Below are some records; each one is to be set down again exactly.

* [Data records]:
====================
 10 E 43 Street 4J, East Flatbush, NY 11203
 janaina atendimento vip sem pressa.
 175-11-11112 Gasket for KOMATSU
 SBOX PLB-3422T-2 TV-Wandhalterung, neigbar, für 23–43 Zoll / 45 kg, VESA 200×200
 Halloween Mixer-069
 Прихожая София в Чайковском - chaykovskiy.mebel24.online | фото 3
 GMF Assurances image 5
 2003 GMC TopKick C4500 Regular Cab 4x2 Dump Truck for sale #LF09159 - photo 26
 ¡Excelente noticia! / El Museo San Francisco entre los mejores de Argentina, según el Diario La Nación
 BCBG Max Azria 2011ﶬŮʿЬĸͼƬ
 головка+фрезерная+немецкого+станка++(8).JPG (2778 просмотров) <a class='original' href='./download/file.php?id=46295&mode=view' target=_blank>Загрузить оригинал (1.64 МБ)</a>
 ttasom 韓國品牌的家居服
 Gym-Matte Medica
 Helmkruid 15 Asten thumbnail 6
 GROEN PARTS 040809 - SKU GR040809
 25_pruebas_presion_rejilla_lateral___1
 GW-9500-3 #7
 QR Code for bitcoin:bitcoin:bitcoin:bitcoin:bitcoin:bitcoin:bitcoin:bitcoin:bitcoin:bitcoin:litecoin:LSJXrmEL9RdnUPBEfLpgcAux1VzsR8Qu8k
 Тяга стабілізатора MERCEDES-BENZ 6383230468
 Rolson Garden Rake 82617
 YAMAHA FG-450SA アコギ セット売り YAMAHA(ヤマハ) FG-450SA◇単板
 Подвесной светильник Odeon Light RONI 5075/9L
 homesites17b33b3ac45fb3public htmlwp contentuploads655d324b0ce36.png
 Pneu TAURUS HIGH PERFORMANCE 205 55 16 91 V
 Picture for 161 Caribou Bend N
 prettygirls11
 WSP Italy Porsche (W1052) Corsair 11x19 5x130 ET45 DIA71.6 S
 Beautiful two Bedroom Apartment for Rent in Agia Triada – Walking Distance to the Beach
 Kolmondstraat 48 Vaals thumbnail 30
====================
* [Expected answer]:
 10 E 43 Street 4J, East Flatbush, NY 11203
 janaina atendimento vip sem pressa.
 175-11-11112 Gasket for KOMATSU
 SBOX PLB-3422T-2 TV-Wandhalterung, neigbar, für 23–43 Zoll / 45 kg, VESA 200×200
 Halloween Mixer-069
 Прихожая София в Чайковском - chaykovskiy.mebel24.online | фото 3
 GMF Assurances image 5
 2003 GMC TopKick C4500 Regular Cab 4x2 Dump Truck for sale #LF09159 - photo 26
 ¡Excelente noticia! / El Museo San Francisco entre los mejores de Argentina, según el Diario La Nación
 BCBG Max Azria 2011ﶬŮʿЬĸͼƬ
 головка+фрезерная+немецкого+станка++(8).JPG (2778 просмотров) <a class='original' href='./download/file.php?id=46295&mode=view' target=_blank>Загрузить оригинал (1.64 МБ)</a>
 ttasom 韓國品牌的家居服
 Gym-Matte Medica
 Helmkruid 15 Asten thumbnail 6
 GROEN PARTS 040809 - SKU GR040809
 25_pruebas_presion_rejilla_lateral___1
 GW-9500-3 #7
 QR Code for bitcoin:bitcoin:bitcoin:bitcoin:bitcoin:bitcoin:bitcoin:bitcoin:bitcoin:bitcoin:litecoin:LSJXrmEL9RdnUPBEfLpgcAux1VzsR8Qu8k
 Тяга стабілізатора MERCEDES-BENZ 6383230468
 Rolson Garden Rake 82617
 YAMAHA FG-450SA アコギ セット売り YAMAHA(ヤマハ) FG-450SA◇単板
 Подвесной светильник Odeon Light RONI 5075/9L
 homesites17b33b3ac45fb3public htmlwp contentuploads655d324b0ce36.png
 Pneu TAURUS HIGH PERFORMANCE 205 55 16 91 V
 Picture for 161 Caribou Bend N
 prettygirls11
 WSP Italy Porsche (W1052) Corsair 11x19 5x130 ET45 DIA71.6 S
 Beautiful two Bedroom Apartment for Rent in Agia Triada – Walking Distance to the Beach
 Kolmondstraat 48 Vaals thumbnail 30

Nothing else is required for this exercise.